THE singing duo Nina and Frederik had not performed together for nearly 30 years. But the death of Frederik van Pallandt in what police in the Philippines have described as a mysterious professional killing, brings to a final end an era of sweet, slightly folk-tinged singing that, in their heyday, placed van Pallandt and his then wife Nina at the top of the international popular music tree, with sell-out Royal Albert Hall concerts, and at least five chart entries (one song twice) between 1959 and 1961.
They first made their mark in Britain at Christmas 1959 with a revival of 'Mary's Boy Child', which had been a hit for Harry Belafonte two years earlier, followed by another religious song, 'Little Donkey', which was in the charts for 10 weeks between November 1960 and February 1961. It reached No 3. They released two different albums called Nina and Frederik, the first of them reaching the Top 10 for albums in February 1960, and the second No 11 in April/May 1961.
Much was made of their aristocratic origins.

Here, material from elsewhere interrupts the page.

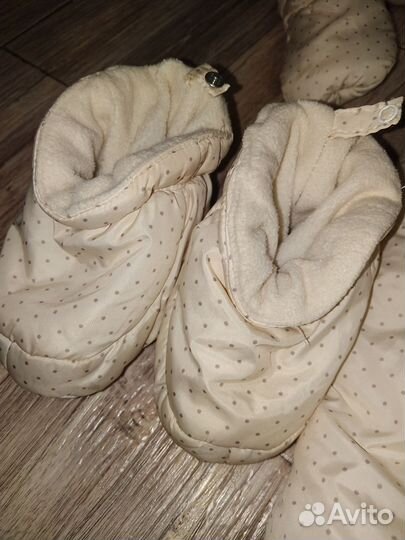 Комбинезон демисезон для малышки 6-12 мес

Frederik was a baron, and the son of a former Ambassador for the Netherlands to Denmark, and Nina had simliar connections with the Danish and American social registers. Though they principally used material from the Third World - like another Belafonte hit, 'Long Time Boy', in September 1961, and 'Sucu Sucu' the following month - they were really part of the soft underbelly of folk, represented by a number of such duos - one thinks immediately of the Israeli Ofarim, who had a similarly glamorous woman partner with a pretty-boy male counterpart - whose hegemony was decisively put to an end by the tongue-in-cheek antics of Sonny and Cher, as well as the more carefully crafted tones of Peter Paul and Mary.
But it was not a shift in musical tast that dislodged them from their brief pinnacle of fame. Never particularly fond of the spotlight that success shone upon their lives, Frederik broke up the partnership by insisting that they retire, though Nina carved out a solo career for herself thereafter, followed by acting roles in films such as Robert Altman's The Long Goodbye (1973) and A Wedding (1979), and Paul Schrader's American Gigolo (1980).
Frederik invested his chart profits in a number of ventures, farming for a while in Ibiza - where Nina was a close neighbour - and becoming owner of Burke's Peerage for a short time in 1979.
Though the couple separated and eventually divorced in 1976, they remained friends until Frederik's death, from gunshot wounds, along with his second wife, Susannah. It was a measure of their continuing closeness that Nina flew out to the Philippines to bring his body home to Europe.